I need to develop a batch processing that will be executed every day. These are the steps:

  1. Read each line of a database table that contains a URL (SQLite)
  2. Extract some data, say Users, from that website by scraping it. Each website may contain 1..n users.
  3. Persist each User in a local NoSQL database.
  4. Send each User(one by one) through third-party REST API.

I'm going to implement this process using Spring Batch and I have thought this design:

  • Item Reader: Read each URL of SQLite database using JdbcCursorItemReader.
  • Item Processor: Scrap and deserialize users from website. (Url -> List<User>)
  • Item Writer: for each User, persist it in database and send it through REST API.

Is this approach right? Should I change any step? I have never worked with Spring Batch so I'm willing to change the technology if needed. I need some advice before start developing since I need this process to be very robust.

Best Answer

This is generally a good application for Spring Batch, and you seem to understand the logical separation of Reader, Processor and Writer fairly well.

There are certain things that you should consider and think about when it comes to an application like this. Spring Batch gives you the concept of chunking where rather than read/process/write each record one at a time you could read in several items as a chunk, process them as a single transaction, and write them as a single transaction. Something that isn't clear to me based on your question is what your domain model will look like in your application to where this is possible. It sounds as if there is a one to many relationship from URL to Users. You would likely read in a single URL and build a collection of User objects that are ready to be processed and written out as a single transaction.

The second thing I would consider in your design and generally a good practice to get into when designing software is to document what your system constraints are.

  • Are there alternative means to retrieve required data about a User apart from screen scraping? If not document the constraints that exist.
  • What software system or component requires the User data to be provided by your software (REST API).

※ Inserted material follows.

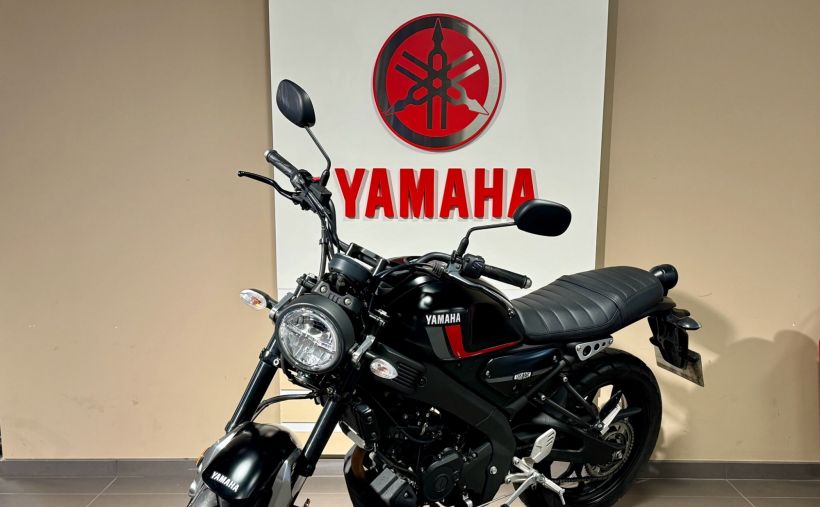 YAMAHA XSR 125 2
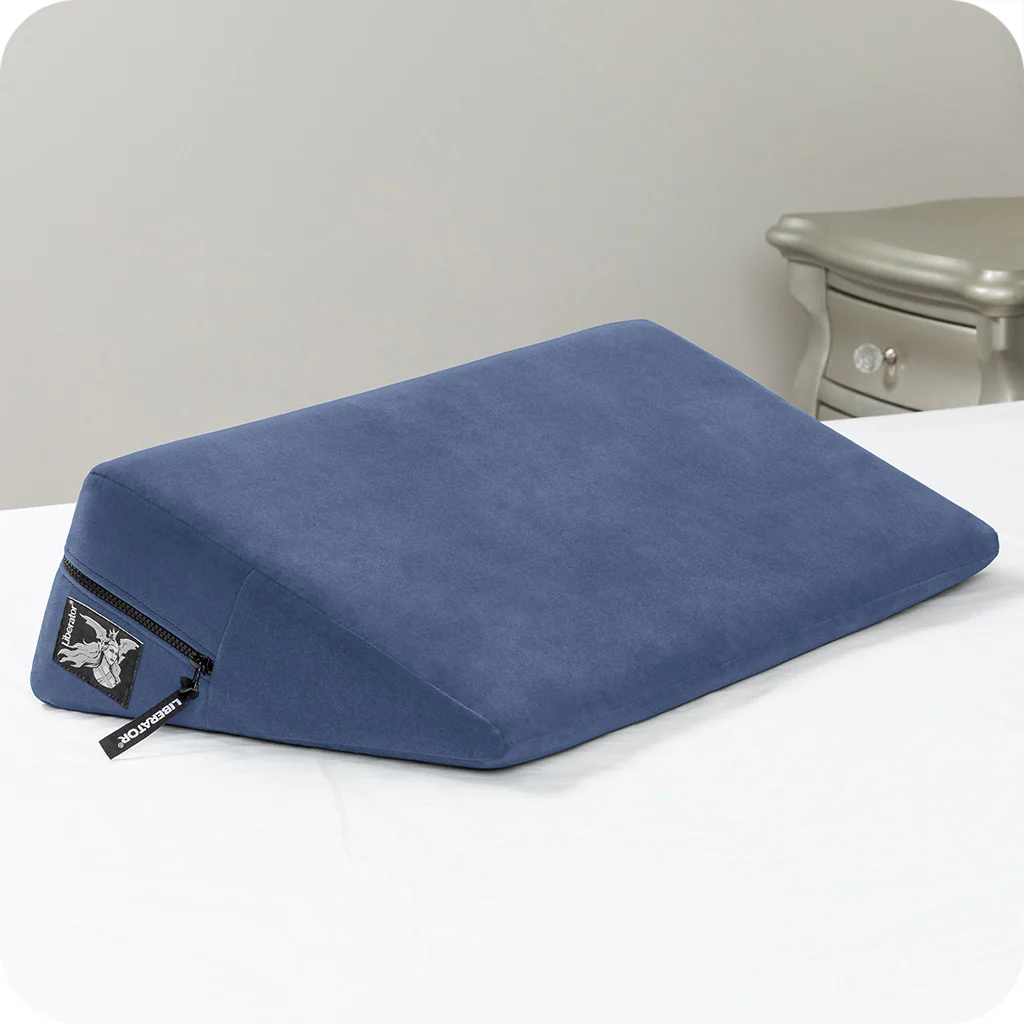 3818-wedge-sex-pillow-in-velvet-blue-1.webp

Does this third party software have the ability to take a batch file for input as opposed to REST API? Are there other potential interfaces that might be more reliable?

Also good to document Risks:

  • Screen scraping presents tight coupling between the web design and application and your batch job

In light of this information I would design like such:

Reader

  • Retrieve the URL from database
  • Screen scrape for user data
  • Create a List<User> objects for the Processor step

Processor

  • Integration of data from multiple Readers if applicable?
  • Special processing rules or calculation of derived data?
  • Preparation of User object for Writers

Writer

  • One unique writer for persisting to your database
  • Second unique writer for POST to REST API

Each chunk will be composed of users in a single URL. Each chunk in process should be transacted so that in the event of an exception or failure, any persisted changes can be rolled back. In the event of an exception, is it possible to define custom rollback behavior for the REST API?

Your final considerations should be the supportability and maintainability of the batch job. You might want to consider Spring Batch Admin for this. Any time where your business process depends on URL resources for internal or external network, screen scraping, and the availability and proper functioning of a REST API I would consider this sufficiently high risk. There are many potential points of failure in this job so not only are Transactions and good exception handling a must, you will also want the ability to administer this easily and with minimal manual intervention.

Spring Batch Admin maintains a database of historical jobs as well as currently running jobs and paused and failed jobs. You can configure a Spring Batch job managed with Spring Batch Admin to pick up where the failed job left off. Perhaps your job got through 350 URL's of 400 to scan. No need to clean up and start over if you can restart the failed job instance, it will pick up at record 351 and try again. You may even be able to have it wait a few minutes and try several times before sending notifications out.

I hope this gives you things to consider.